En ce qui concerne le financement de cette programmation, l'État est bien au rendez-vous pour l'exercice 2019 : malgré une situation conjoncturelle compliquée, le budget voté de l'Agence de financement des infrastructures de transport de France (AFITF) est supérieur de 10 % au budget pour l'année 2018. Pour 2020 et les années suivantes, la question du financement reste en débat. Vous le savez, nous aurons à dégager 500 millions d'euros supplémentaires par an, par rapport à la trajectoire des finances publiques, à partir de l'an prochain, soit 200 millions d'euros de plus que cette année. Plusieurs propositions sont sur la table, nous aurons ce débat, mais c'est bien dans la loi de finances que les dispositions devront être inscrites, comme pour toute programmation.

Le dernier titre comporte des dispositions variées mais importantes, notamment sur les conséquences sociales de l'ouverture des bus à la concurrence dans le périmètre de la RATP et dans le transport interurbain. Je vous proposerai également, conformément aux annonces du Premier ministre, de libéraliser, de façon progressive et adaptée, le marché des pièces détachées ; c'est une mesure favorable tant au pouvoir d'achat des consommateurs qu'à la compétitivité des équipementiers de la filière automobile. Cet examen sera également l'occasion d'introduire les dispositions sur le permis de conduire, annoncées par le Premier ministre et défendues par Mme Frédérique Dumas, auteure d'un rapport sur ce sujet. C'est aussi ce titre qui comporte de nombreuses dispositions permettant d'améliorer la compétitivité de nos ports et de notre filière maritime.

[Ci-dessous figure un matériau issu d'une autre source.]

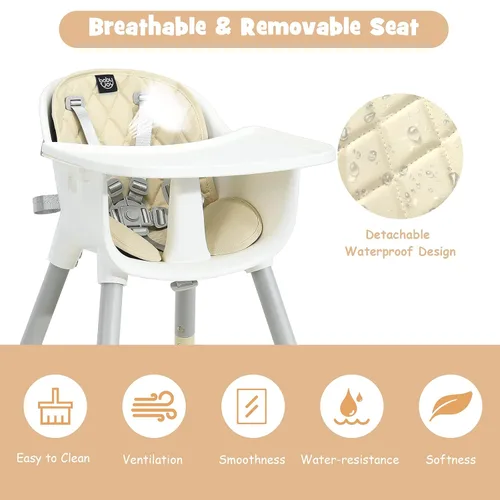 Miniatura 4 de BABY JOY Silla Alta, Trona Convertible 5 en 1 para Bebés y Niños Pequeños Asiento Elevador Juego de Mesa y Silla Silla de Alimentación Beige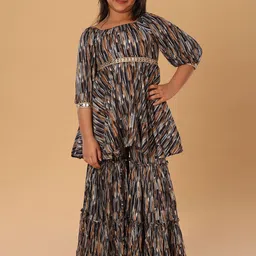 The Mini Trunk Girls Abstract Printed Kurta with Sharara-image-75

Les débats s'annoncent riches et, je n'en doute pas, constructifs. Je salue et remercie les rapporteurs et la présidente de la commission pour leur esprit constructif, ainsi que tous ceux qui sont mobilisés pour améliorer ce texte.

Les ambitions sont grandes : réduire les fractures sociales et territoriales, faire entrer notre politique de mobilité dans la modernité et préparer l'avenir. Mesdames et messieurs les députés, le rôle de l'Assemblée nationale et de votre commission est essentiel pour atteindre ces objectifs.